Exercise description :: Every word of the listing must be returned. Retype it exactly.

(Data begins)

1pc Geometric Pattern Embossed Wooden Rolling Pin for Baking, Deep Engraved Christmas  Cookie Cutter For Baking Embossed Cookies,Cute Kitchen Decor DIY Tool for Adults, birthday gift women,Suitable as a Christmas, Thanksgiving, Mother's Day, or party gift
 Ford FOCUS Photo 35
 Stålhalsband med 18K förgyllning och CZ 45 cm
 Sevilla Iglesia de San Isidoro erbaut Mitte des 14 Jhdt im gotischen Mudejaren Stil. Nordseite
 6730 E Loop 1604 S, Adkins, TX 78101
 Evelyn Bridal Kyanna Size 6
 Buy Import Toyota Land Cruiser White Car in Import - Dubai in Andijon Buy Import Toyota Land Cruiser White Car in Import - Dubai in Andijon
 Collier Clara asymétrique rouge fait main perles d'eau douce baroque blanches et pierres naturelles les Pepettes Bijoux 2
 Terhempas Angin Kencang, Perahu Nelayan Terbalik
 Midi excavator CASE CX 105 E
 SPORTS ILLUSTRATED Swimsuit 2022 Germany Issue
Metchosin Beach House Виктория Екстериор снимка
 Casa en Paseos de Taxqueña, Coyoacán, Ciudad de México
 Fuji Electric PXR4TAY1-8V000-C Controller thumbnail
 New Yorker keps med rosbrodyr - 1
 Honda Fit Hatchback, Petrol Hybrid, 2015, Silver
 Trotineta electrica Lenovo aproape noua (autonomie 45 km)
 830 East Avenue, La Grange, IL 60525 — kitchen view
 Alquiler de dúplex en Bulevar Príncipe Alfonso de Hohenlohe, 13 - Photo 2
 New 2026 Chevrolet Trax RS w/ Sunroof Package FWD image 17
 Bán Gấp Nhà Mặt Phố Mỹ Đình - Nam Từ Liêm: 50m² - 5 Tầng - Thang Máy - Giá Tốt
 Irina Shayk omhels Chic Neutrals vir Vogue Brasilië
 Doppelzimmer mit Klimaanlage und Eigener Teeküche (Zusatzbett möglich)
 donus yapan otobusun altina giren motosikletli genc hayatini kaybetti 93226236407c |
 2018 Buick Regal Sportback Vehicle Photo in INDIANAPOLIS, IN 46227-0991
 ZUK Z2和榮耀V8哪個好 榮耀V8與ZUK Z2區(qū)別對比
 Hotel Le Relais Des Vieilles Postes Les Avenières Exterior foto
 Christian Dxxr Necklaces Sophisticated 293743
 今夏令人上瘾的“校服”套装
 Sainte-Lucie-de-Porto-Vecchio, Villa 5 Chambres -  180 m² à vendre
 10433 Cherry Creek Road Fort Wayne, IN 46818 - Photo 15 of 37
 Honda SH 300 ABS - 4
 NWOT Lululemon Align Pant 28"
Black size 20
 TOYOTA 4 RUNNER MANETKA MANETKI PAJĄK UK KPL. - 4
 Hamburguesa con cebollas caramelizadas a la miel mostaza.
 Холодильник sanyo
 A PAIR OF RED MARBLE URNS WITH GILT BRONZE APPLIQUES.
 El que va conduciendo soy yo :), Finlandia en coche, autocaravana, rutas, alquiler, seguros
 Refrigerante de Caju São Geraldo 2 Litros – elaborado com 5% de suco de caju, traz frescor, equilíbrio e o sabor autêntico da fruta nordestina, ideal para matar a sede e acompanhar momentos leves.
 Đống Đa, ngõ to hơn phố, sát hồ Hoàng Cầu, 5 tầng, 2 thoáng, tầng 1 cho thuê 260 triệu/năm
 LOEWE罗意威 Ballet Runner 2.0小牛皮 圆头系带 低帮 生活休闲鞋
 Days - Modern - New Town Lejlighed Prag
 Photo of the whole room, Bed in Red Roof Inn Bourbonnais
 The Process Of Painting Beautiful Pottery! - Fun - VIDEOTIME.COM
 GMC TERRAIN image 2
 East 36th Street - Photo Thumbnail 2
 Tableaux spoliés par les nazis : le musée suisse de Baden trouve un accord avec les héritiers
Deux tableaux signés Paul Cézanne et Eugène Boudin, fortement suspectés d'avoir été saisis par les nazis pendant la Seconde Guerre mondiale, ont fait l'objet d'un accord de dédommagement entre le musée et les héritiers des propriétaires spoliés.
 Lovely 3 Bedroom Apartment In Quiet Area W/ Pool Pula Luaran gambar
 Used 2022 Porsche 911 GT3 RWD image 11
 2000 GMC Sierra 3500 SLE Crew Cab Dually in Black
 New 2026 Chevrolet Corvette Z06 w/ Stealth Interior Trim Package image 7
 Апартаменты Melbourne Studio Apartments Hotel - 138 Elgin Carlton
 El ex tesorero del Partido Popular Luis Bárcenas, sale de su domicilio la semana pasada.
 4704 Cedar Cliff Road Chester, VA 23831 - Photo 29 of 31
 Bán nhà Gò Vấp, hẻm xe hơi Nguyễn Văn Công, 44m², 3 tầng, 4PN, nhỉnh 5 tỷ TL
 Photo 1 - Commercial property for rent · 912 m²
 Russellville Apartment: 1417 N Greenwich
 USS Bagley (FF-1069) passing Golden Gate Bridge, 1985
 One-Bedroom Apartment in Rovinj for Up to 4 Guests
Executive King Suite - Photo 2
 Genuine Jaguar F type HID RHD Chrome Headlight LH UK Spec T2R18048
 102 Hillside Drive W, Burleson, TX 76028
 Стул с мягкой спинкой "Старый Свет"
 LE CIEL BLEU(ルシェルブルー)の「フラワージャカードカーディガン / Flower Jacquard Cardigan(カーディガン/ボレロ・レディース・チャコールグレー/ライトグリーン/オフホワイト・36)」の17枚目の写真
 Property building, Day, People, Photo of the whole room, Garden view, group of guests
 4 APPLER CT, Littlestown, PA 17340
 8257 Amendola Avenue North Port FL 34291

(Data ends)

Output below ::
1pc Geometric Pattern Embossed Wooden Rolling Pin for Baking, Deep Engraved Christmas  Cookie Cutter For Baking Embossed Cookies,Cute Kitchen Decor DIY Tool for Adults, birthday gift women,Suitable as a Christmas, Thanksgiving, Mother's Day, or party gift
 Ford FOCUS Photo 35
 Stålhalsband med 18K förgyllning och CZ 45 cm
 Sevilla Iglesia de San Isidoro erbaut Mitte des 14 Jhdt im gotischen Mudejaren Stil. Nordseite
 6730 E Loop 1604 S, Adkins, TX 78101
 Evelyn Bridal Kyanna Size 6
 Buy Import Toyota Land Cruiser White Car in Import - Dubai in Andijon Buy Import Toyota Land Cruiser White Car in Import - Dubai in Andijon
 Collier Clara asymétrique rouge fait main perles d'eau douce baroque blanches et pierres naturelles les Pepettes Bijoux 2
 Terhempas Angin Kencang, Perahu Nelayan Terbalik
 Midi excavator CASE CX 105 E
 SPORTS ILLUSTRATED Swimsuit 2022 Germany Issue
Metchosin Beach House Виктория Екстериор снимка
 Casa en Paseos de Taxqueña, Coyoacán, Ciudad de México
 Fuji Electric PXR4TAY1-8V000-C Controller thumbnail
 New Yorker keps med rosbrodyr - 1
 Honda Fit Hatchback, Petrol Hybrid, 2015, Silver
 Trotineta electrica Lenovo aproape noua (autonomie 45 km)
 830 East Avenue, La Grange, IL 60525 — kitchen view
 Alquiler de dúplex en Bulevar Príncipe Alfonso de Hohenlohe, 13 - Photo 2
 New 2026 Chevrolet Trax RS w/ Sunroof Package FWD image 17
 Bán Gấp Nhà Mặt Phố Mỹ Đình - Nam Từ Liêm: 50m² - 5 Tầng - Thang Máy - Giá Tốt
 Irina Shayk omhels Chic Neutrals vir Vogue Brasilië
 Doppelzimmer mit Klimaanlage und Eigener Teeküche (Zusatzbett möglich)
 donus yapan otobusun altina giren motosikletli genc hayatini kaybetti 93226236407c |
 2018 Buick Regal Sportback Vehicle Photo in INDIANAPOLIS, IN 46227-0991
 ZUK Z2和榮耀V8哪個好 榮耀V8與ZUK Z2區(qū)別對比
 Hotel Le Relais Des Vieilles Postes Les Avenières Exterior foto
 Christian Dxxr Necklaces Sophisticated 293743
 今夏令人上瘾的“校服”套装
 Sainte-Lucie-de-Porto-Vecchio, Villa 5 Chambres -  180 m² à vendre
 10433 Cherry Creek Road Fort Wayne, IN 46818 - Photo 15 of 37
 Honda SH 300 ABS - 4
 NWOT Lululemon Align Pant 28"
Black size 20
 TOYOTA 4 RUNNER MANETKA MANETKI PAJĄK UK KPL. - 4
 Hamburguesa con cebollas caramelizadas a la miel mostaza.
 Холодильник sanyo
 A PAIR OF RED MARBLE URNS WITH GILT BRONZE APPLIQUES.
 El que va conduciendo soy yo :), Finlandia en coche, autocaravana, rutas, alquiler, seguros
 Refrigerante de Caju São Geraldo 2 Litros – elaborado com 5% de suco de caju, traz frescor, equilíbrio e o sabor autêntico da fruta nordestina, ideal para matar a sede e acompanhar momentos leves.
 Đống Đa, ngõ to hơn phố, sát hồ Hoàng Cầu, 5 tầng, 2 thoáng, tầng 1 cho thuê 260 triệu/năm
 LOEWE罗意威 Ballet Runner 2.0小牛皮 圆头系带 低帮 生活休闲鞋
 Days - Modern - New Town Lejlighed Prag
 Photo of the whole room, Bed in Red Roof Inn Bourbonnais
 The Process Of Painting Beautiful Pottery! - Fun - VIDEOTIME.COM
 GMC TERRAIN image 2
 East 36th Street - Photo Thumbnail 2
 Tableaux spoliés par les nazis : le musée suisse de Baden trouve un accord avec les héritiers
Deux tableaux signés Paul Cézanne et Eugène Boudin, fortement suspectés d'avoir été saisis par les nazis pendant la Seconde Guerre mondiale, ont fait l'objet d'un accord de dédommagement entre le musée et les héritiers des propriétaires spoliés.
 Lovely 3 Bedroom Apartment In Quiet Area W/ Pool Pula Luaran gambar
 Used 2022 Porsche 911 GT3 RWD image 11
 2000 GMC Sierra 3500 SLE Crew Cab Dually in Black
 New 2026 Chevrolet Corvette Z06 w/ Stealth Interior Trim Package image 7
 Апартаменты Melbourne Studio Apartments Hotel - 138 Elgin Carlton
 El ex tesorero del Partido Popular Luis Bárcenas, sale de su domicilio la semana pasada.
 4704 Cedar Cliff Road Chester, VA 23831 - Photo 29 of 31
 Bán nhà Gò Vấp, hẻm xe hơi Nguyễn Văn Công, 44m², 3 tầng, 4PN, nhỉnh 5 tỷ TL
 Photo 1 - Commercial property for rent · 912 m²
 Russellville Apartment: 1417 N Greenwich
 USS Bagley (FF-1069) passing Golden Gate Bridge, 1985
 One-Bedroom Apartment in Rovinj for Up to 4 Guests
Executive King Suite - Photo 2
 Genuine Jaguar F type HID RHD Chrome Headlight LH UK Spec T2R18048
 102 Hillside Drive W, Burleson, TX 76028
 Стул с мягкой спинкой "Старый Свет"
 LE CIEL BLEU(ルシェルブルー)の「フラワージャカードカーディガン / Flower Jacquard Cardigan(カーディガン/ボレロ・レディース・チャコールグレー/ライトグリーン/オフホワイト・36)」の17枚目の写真
 Property building, Day, People, Photo of the whole room, Garden view, group of guests
 4 APPLER CT, Littlestown, PA 17340
 8257 Amendola Avenue North Port FL 34291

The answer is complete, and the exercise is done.